When a school district lacks conceptual artifacts, communication breaks down. Teachers sign up for a “technology workshop” having no idea what they will actually learn, leading to the dreaded scenario of half the room surfing the web while the presenter tries to get the other half logged in.
By adopting this typology, a school’s leadership team can build standardized templates for all future PD. If a technology specialist wants to host a workshop, they must explicitly state the intended audience, the required baseline skills, and the expected outcomes. As one principal noted after understanding this framework: “I used to see all technology workshops as the same, but now I discriminate them, and we are all using the same vocabulary… we know what to expect”.

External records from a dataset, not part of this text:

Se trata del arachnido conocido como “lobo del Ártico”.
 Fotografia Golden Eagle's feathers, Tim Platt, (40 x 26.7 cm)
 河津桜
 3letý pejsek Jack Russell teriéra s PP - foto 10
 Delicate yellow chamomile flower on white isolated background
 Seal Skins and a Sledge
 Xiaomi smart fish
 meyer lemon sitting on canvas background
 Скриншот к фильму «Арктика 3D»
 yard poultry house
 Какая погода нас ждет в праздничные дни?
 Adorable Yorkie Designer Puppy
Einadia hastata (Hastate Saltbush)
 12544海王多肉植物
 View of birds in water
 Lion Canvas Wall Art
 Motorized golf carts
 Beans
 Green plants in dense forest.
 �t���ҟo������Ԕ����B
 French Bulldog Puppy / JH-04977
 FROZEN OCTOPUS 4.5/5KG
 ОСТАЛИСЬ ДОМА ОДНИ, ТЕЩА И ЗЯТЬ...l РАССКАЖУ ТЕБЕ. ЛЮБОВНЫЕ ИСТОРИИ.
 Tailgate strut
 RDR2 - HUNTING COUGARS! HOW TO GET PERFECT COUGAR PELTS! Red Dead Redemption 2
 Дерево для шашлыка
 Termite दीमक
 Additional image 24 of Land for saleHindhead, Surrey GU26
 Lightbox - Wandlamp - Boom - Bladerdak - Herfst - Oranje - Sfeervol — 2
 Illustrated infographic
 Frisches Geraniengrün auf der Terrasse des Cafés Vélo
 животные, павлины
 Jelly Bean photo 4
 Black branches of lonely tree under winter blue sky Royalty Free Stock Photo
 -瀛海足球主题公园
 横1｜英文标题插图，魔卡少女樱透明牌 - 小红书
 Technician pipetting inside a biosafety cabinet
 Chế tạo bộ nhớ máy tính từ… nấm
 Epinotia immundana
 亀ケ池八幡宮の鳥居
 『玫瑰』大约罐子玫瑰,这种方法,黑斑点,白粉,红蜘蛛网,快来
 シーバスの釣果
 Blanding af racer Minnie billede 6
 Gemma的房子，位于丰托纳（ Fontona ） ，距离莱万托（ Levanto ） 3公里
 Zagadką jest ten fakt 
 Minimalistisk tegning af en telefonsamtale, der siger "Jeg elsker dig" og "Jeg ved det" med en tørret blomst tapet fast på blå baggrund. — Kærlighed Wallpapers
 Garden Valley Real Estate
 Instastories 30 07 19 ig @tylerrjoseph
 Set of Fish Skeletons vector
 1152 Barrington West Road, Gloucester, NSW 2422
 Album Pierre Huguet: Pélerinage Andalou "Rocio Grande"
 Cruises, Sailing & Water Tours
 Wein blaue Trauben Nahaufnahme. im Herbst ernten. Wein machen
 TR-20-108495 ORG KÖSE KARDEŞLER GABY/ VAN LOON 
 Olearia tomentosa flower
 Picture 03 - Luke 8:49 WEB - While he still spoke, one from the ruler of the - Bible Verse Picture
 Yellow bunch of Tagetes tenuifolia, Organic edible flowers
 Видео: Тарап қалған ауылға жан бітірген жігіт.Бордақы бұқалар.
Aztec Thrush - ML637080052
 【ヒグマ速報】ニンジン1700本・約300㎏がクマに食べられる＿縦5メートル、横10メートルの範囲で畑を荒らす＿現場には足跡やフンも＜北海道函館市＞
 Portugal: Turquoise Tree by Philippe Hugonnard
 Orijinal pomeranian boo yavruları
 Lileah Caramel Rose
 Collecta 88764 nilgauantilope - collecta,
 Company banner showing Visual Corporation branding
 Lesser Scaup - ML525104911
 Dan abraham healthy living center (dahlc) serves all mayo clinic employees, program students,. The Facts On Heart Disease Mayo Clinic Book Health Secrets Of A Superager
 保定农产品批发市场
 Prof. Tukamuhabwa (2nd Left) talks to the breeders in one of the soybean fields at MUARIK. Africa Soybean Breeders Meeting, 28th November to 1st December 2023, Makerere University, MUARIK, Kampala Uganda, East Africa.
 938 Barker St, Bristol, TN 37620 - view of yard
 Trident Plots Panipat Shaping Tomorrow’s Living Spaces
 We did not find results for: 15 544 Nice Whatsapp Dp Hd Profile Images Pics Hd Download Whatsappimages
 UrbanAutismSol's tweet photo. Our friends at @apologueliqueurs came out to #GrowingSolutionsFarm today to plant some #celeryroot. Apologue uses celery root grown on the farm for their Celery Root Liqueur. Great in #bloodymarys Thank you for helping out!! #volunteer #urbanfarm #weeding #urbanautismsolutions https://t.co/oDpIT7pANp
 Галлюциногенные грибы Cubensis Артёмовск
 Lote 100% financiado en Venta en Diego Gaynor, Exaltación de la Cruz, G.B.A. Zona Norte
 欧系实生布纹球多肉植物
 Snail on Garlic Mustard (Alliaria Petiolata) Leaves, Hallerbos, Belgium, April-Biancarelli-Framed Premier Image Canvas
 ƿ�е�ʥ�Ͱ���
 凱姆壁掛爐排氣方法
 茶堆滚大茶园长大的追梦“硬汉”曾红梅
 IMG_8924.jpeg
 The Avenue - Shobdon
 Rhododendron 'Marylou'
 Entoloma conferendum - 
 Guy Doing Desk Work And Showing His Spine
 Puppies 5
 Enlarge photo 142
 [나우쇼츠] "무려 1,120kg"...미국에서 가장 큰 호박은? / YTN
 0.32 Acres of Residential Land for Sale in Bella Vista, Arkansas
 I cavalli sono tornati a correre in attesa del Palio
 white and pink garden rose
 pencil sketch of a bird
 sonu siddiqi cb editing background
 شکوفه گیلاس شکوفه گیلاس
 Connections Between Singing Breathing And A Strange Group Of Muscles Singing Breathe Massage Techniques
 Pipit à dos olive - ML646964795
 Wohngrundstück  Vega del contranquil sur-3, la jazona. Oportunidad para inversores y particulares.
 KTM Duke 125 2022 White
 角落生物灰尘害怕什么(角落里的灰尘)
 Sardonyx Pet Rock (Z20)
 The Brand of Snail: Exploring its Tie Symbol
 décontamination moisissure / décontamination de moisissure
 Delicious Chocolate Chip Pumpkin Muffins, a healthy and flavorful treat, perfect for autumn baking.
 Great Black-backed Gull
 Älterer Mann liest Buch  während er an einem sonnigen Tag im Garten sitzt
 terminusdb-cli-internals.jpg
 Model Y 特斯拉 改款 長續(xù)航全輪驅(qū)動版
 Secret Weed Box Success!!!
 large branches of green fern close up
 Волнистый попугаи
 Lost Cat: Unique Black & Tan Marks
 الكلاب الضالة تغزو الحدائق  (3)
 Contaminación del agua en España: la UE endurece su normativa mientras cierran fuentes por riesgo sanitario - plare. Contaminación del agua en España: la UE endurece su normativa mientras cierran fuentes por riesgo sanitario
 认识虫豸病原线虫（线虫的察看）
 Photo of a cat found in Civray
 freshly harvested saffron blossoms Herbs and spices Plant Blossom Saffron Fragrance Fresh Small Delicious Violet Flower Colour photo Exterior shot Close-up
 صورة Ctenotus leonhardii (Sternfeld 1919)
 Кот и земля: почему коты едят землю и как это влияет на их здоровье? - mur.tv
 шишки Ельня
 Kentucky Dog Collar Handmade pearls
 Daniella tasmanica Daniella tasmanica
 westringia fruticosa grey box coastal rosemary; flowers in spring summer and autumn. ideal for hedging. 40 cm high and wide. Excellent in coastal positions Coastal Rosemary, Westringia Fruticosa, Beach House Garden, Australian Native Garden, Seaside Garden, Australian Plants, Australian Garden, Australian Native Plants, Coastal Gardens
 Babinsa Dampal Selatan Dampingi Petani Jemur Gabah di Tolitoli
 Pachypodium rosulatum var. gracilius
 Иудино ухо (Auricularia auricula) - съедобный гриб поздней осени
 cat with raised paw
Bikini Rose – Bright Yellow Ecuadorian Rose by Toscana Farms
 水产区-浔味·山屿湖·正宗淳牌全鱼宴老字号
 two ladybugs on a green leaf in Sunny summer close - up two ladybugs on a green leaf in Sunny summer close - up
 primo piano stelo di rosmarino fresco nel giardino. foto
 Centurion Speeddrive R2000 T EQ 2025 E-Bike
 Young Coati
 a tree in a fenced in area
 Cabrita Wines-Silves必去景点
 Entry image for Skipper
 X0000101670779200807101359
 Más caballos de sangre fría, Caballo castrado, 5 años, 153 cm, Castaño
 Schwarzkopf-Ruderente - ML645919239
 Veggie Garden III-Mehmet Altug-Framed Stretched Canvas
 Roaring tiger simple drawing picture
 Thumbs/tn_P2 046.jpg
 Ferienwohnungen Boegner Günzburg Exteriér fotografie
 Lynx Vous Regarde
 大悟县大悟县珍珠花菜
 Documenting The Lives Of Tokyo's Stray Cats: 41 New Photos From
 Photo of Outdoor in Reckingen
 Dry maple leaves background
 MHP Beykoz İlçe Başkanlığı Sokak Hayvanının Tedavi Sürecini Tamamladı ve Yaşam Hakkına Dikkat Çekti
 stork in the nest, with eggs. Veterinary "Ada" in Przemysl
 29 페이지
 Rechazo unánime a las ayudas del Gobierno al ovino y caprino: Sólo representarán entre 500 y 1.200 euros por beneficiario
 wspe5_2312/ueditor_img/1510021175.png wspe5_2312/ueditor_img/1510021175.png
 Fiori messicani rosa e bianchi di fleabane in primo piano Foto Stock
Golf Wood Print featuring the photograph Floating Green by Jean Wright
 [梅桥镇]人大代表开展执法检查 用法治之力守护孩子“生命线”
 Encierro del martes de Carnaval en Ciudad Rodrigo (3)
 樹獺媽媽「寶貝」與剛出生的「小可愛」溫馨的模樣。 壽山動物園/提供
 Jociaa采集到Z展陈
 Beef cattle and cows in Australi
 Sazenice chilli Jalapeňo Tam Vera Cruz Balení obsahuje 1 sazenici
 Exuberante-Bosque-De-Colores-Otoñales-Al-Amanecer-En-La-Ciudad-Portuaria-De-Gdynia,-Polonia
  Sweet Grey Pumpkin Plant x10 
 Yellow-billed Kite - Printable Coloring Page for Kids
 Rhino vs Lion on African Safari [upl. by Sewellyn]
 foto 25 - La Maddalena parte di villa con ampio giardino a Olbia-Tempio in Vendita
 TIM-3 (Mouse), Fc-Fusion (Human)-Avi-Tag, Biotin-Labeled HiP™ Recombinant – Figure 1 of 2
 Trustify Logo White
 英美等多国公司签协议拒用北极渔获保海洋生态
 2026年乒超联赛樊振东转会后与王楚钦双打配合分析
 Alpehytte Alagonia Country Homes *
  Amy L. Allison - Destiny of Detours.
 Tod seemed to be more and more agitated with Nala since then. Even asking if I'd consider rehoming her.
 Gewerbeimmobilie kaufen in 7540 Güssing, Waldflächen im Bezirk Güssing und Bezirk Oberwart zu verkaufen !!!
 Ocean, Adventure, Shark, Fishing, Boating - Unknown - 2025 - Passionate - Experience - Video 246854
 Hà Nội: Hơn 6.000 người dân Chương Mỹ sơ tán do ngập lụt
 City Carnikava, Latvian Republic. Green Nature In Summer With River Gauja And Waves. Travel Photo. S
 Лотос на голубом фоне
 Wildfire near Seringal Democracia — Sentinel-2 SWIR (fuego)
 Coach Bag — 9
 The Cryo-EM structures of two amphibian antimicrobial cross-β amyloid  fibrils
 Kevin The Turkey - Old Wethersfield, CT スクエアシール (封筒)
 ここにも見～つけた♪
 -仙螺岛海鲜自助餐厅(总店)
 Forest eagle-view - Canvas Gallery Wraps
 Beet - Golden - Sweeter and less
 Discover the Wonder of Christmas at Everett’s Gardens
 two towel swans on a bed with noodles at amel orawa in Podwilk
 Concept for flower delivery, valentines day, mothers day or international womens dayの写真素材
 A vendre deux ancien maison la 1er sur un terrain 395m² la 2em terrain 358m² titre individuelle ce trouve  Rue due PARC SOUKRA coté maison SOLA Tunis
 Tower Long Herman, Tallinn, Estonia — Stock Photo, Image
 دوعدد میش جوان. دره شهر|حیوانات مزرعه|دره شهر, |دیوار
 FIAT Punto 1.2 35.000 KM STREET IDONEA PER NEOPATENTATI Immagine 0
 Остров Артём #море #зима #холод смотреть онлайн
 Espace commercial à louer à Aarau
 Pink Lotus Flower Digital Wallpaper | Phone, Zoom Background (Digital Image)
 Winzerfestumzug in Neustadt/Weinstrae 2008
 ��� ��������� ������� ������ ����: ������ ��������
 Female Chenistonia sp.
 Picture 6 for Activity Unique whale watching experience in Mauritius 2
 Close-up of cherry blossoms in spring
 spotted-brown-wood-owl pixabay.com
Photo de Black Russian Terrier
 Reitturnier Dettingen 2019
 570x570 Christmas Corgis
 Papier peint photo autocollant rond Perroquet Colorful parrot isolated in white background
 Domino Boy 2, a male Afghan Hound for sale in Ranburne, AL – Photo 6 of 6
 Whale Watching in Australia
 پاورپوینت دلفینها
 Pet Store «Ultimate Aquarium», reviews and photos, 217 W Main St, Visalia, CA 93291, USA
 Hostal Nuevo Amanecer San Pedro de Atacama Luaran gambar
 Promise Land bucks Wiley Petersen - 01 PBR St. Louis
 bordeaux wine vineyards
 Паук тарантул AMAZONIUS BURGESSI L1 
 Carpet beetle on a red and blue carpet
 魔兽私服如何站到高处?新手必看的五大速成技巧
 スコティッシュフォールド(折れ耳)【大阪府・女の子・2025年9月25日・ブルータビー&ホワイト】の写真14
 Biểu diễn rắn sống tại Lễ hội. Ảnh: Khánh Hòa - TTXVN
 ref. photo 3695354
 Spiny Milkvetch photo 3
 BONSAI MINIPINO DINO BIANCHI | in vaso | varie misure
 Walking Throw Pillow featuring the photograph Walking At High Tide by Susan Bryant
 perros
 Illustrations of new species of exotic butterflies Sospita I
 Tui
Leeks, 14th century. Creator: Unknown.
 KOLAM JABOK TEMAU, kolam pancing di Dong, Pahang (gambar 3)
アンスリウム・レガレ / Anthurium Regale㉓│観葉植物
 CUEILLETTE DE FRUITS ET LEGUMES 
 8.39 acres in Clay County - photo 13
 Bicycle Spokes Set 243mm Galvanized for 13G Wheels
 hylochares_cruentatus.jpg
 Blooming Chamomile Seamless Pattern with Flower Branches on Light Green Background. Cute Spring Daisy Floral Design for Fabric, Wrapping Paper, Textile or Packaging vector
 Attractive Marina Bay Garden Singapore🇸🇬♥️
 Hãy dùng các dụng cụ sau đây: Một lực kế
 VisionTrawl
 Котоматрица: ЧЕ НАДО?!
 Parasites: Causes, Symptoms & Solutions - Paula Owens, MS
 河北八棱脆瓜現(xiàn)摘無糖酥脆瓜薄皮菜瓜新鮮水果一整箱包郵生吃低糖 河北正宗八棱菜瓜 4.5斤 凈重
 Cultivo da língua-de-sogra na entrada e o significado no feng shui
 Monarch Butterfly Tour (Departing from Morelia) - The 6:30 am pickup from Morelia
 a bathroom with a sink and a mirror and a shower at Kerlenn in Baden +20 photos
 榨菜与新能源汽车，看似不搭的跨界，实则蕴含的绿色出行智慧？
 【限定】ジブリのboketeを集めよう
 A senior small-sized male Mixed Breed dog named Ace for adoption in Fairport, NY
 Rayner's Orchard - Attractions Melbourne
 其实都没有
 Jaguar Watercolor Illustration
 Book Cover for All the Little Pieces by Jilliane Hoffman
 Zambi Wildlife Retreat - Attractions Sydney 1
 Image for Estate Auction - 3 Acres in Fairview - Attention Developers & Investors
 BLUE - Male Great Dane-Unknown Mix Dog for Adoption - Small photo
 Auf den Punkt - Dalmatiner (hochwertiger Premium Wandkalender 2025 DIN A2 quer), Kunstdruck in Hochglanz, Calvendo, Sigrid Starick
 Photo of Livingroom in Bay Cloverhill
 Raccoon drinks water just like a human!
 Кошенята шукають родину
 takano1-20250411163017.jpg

Furthermore, this framework perfectly aligns with the widely respected TPACK Model (Technological Pedagogical Content Knowledge). Training handles the baseline Technological Knowledge. Planning and Design, meanwhile, allow teachers to develop their Technological Pedagogical Knowledge and Technological Pedagogical Content Knowledge.
Conclusion
Effective professional development in educational technology cannot be a passive, one-size-fits-all event led by outside vendors. To truly build capacity, schools must recognize the deep differences between teaching someone how to operate a machine and empowering them to teach with it.
By categorizing professional development into Training, Planning, and Design, school leaders can provide targeted, meaningful support. They can ensure that beginners get the foundational hardware skills they need, while veteran teachers are given the space to collaboratively plan curriculum and iterate on those designs using real student feedback. When teachers are given an active role in defining their own professional learning, the ultimate beneficiaries are the students sitting in their classrooms.